One of those misconceptions that I want to deal with today is the fact that people have this belief that EVs are not suitable for drivers who live in climates that have to deal with winter.
Well, my brother lives in Canada and he deals with winter all the time. He Drives EVs and plug-in hybrids throughout all four seasons as part of his job, and I can tell you that that is largely a misconception because there are certain things that you can do to deal with the limitations that cold weather can have on battery electric driving.
Let’s be honest winter can have impacts on regular gasoline engines too, but in this report, I want to talk about some of those misconceptions as well as show you some tips as to how you can get rid of that misconception and enjoy electrified driving in cold weather or anywhere you want to drive.
In the wintertime it’s important to note that both battery electric plug-in hybrids and regular internal combustion engines are less efficient overall, they have different contributing factors that make them so.
Comparatively speaking an electric car is more efficient than a gasoline car because the electric motor is more efficient at turning the stored electricity into motion than an internal combustion engine would be at converting the chemical energy and gasoline into mechanical engineer which is needed to go forward.
In fact, internal combustion technology which is like a century old is still woofully inefficient, about 60% of the energy from gasoline is turned to heat while only about 20% of that is used to drive the wheels.
In wintertime that serves as an advantage for an internal combustion engine, because that wasted heat can be converted and blown into the cabin and that’s how a gasoline vehicle would heat up the car.
A battery that only loses about 10 percent of the energy and to heat has to struggle to do that since it can’t rely upon the wasted heat, so what it does is it has to manufacture heat.
The heating systems can be a big draw on the range of a car. There have been studies done that can show that the heating in the wintertime can waste as much as 40 percent of the typical range as it would have in optimal weather conditions.
What auto manufacturers are doing nowadays is to heat the vehivle using a heat pump, a heat pump is like the reverse of an air-conditioner. The challenge is when you’re taking the warmth from the air outside and bringing it in is the colder it gets the less efficient it becomes.
So how do you overcome these ideas and how do you overcome these challenges?

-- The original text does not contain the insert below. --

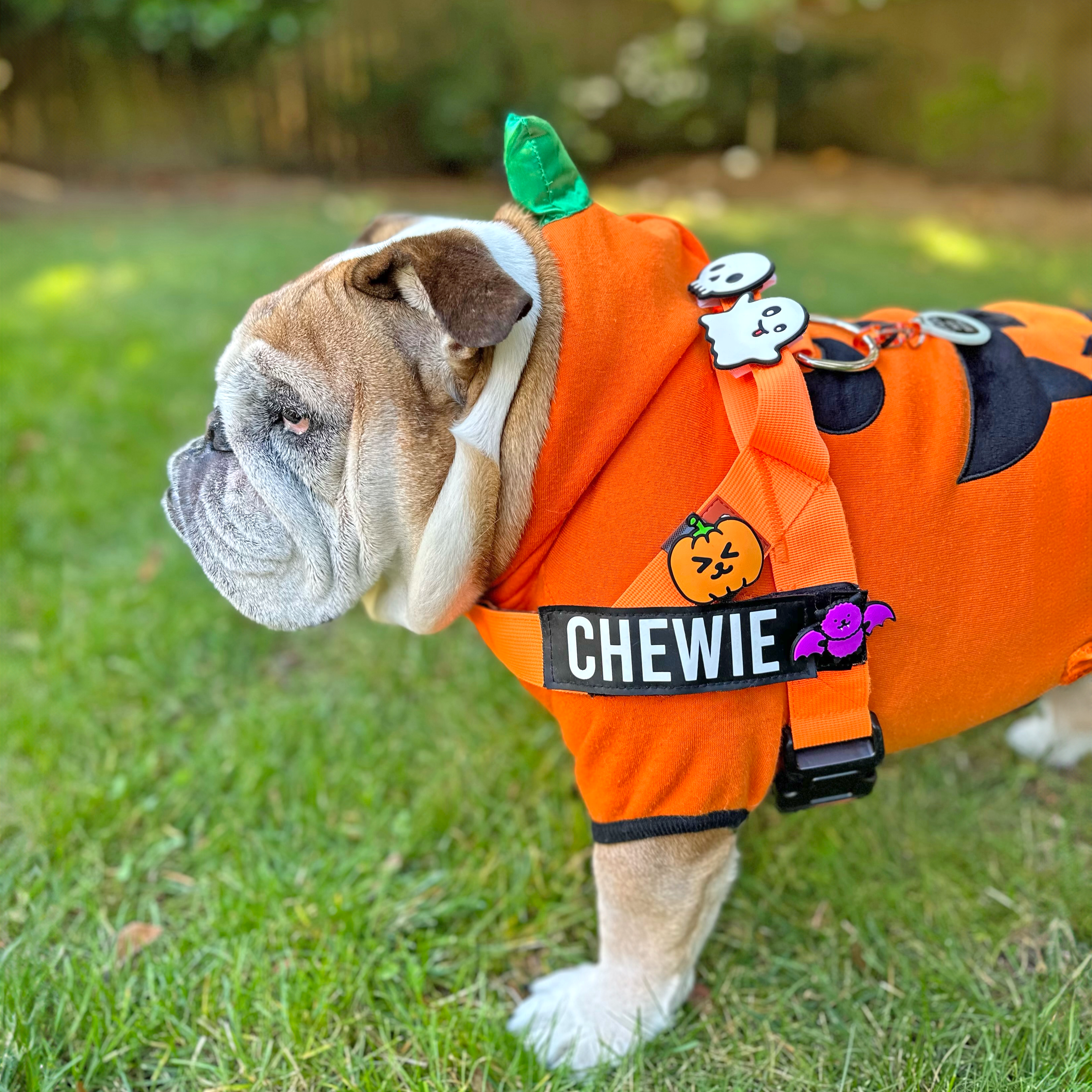 Pumpkin Dog Jiby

There are a couple of things you can do to extend the range of your vehicle in the winter
A lot of electric vehicles and plug-in hybrids have both heated seats and even heated steering wheels.

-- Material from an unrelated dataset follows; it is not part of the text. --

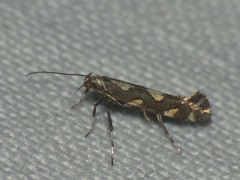 Calybites phasianipennella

The first thing you could do is use the heated seats instead of the heater blower to warm up your car. Using the heated seats generally speak give you a feeling of warmth when you get into the car.
This can allow you to either lower the temperature setting for the blower unit or in some cases, you can just eliminate it. The best thing you could do to extend the range of your battery is to use the vehicle preheaters before you even get into your car and while it’s still plugged in.
In most cases, automakers have an app that you can download to your smartphone, before going out in your car you can turn on the heated seats or heater blower to heat your car while it is still connected to an AC power charging unit, as opposed to draining from the battery while you are driving.
It’s better to have your car battery warm because a battery performs better when it’s warm. A warm battery can receive the regenerative energy that comes with braking and that’s one of the ways you extend range altogether.
So by plugging it in you’re heating it without using any of the range or any of the energy stored in the battery.
Of course, you can do that with a regular ICE car but as we know to let your regular ice car sit there idling will burn gas and omit carbons, whereas with an electric car it’s just plugged into the regular AC supply.
There’s an adage when it comes to fuel-efficient driving and that is “it’s not what you drive, it’s how you drive”. And no matter what car you have, be it a V8 or an EV how you drive is going to affect your overall fuel consumption or energy use. In winter conditions with an EV that holds especially true
One of the key tricks is how you deal with the accelerator. One way to reduce fuel consumption and the amount of battery you’re going to use is how quickly you accelerate.
It makes perfect sense that the more you’re asking a vehicle to perform from a stop position, the more fuel or energy it’s going to use. With electric vehicles and in all vehicles you don’t necessarily need to be on the gas pedal or the accelerator all the time.
There are situations where you can coast, the benefit of driving an electric vehicle and coasting is that you allow the regenerative component of energy transfer to take place.
So if you’re on a downhill gradient instead of pushing on the pedal and if it’s safe to do so just let off the gas peddle and let the regenerative feature start to bring kinetic energy back into the battery.
Same thing when you’re braking, when you brake it’s far better to gradually brake as opposed to a hard brake. The more you’re pushing down on the brake pedal the more kinetic energy you can return to the battery thus extending the overall range of your car.
Another thing that’s important to mention is to dispel the myths about EV driving and cold weather climates. It’s interesting to note that the country in the world that has the highest EV usage rate per capita is Norway, and Norway is certainly a country known for its northern climate and winter conditions.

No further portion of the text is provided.